August 15th, 2012 § 6 comments

Tim Berners-Lee: The World Wide Web - Opportun...

Tim Berners-Lee: The World Wide Web

I was curious about the total pageviews of the web. It turns out they are not really tracked anywhere, and that they are easy to estimate, so I did a quick analysis.

First I found two sources for ‘global total pageviews’:

  • Akamai Net Usage Index – amazing real time dashboard of part of this data. They say that every minute 3 million pageviews are spent on news sites, and 10 million on social sites. That’s friggin’ a lot of pageviews! But I wanted to know the grand total, and hopefully get some sense on where the blogs are in the picture.
  • blog post about interpolating this data from Alexa. Nice approach, but a few years old data, so I decided to repeat the process.

Alexa publishes pageviews for every site for free as a % of global pageviews. First thing to do was estimate the grand total, as described in that blog post, by looking at the published data from Wikipedia.

11,600,000,000 / 0.5% = 2320,000,000,000 monthly total pageviews on the Web

… told you it was easy 🙂 but that just means we can dig deeper. Alexa publishes the list of top million sites in a downloadable text file, so I wrote a script to go trough it, scrape Alexa pages for top 10.000 sites and store their individual traffic shares.

The script also does some simple heuristics to classify sites into some categories, which I then manually completed. Turns out it’s really quick to go trough list of couple thousand sites 🙂 anyway, I’ve decided to create a super simple taxonomy for all websites. It is based on the frame of mind that a visitor has when she visits the site:

  1. search – primary purpose of the visit is to find something – information, people, content. so all content sharing sites fall into this as well.
  2. social – primary purpose is to socialize with other users
  3. media – primary purpose is to consume news streams and other editorial content. Blogs are a subset of this.
  4. e-commerce – primary purpose is to spend money. Amazon, E-Bay, eBookers, all fall into this.
  5. reference – primary purpose is to learn an information. Wikipedia is here, as well as individual company sites with information about products, like Microsoft or Chase.
  6. utility – primary purpose, explicit or implicit, is to use the tool or infrastructure.
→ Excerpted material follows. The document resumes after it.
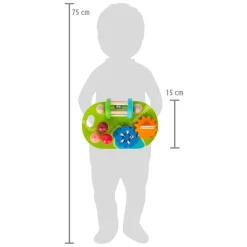 Small Foot - Houten Themapark Activeitenbord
This one is tricky, but all e-mail providers are here, as well as some cloud storage providers (Dropbox) and ad networks that get hit automatically without users knowing it.
  7. unknown – unfortunately I don’t speak Chinese, or Arab or some 5000 other languages, so to spare time I skipped foreign sites, unless I knew them, like Yandex or Baidu.

Out of curiosity, I also looked at how many sites it takes to fill the Web. It turns out, that top 20 sites create 25% of all pageviews, and top 250 create 50% already. After that, we are already deep in the tail and the progress is super slow, and is actually still downloading…

So let’s first take a look at the top 50% of traffic and who creates it:

Of the 7% of media, the blogosphere represented 40%.

I’m assuming that Search and Social, that create the majority of the pageviews, are overrepresented in the head fo the web, so deeper the crawl will go, for media and reference will surface. I’ll publish an update with that. For now, here are the estimates of total pageviews based on these shares:

Category Monthly Global Pageviews Estimate
Search 1,125,711,592,824
Social 416,548,737,145
E-commerce 172,000,706,996
Media 159,984,707,266
Reference 106,394,591,704
Utility 75,323,701,823
Unknown 264,035,962,241
Total 2,320,000,000,000

I am very happy that the ‘media’ and ‘social’ estimates are very much inline with Akamai’s estimates.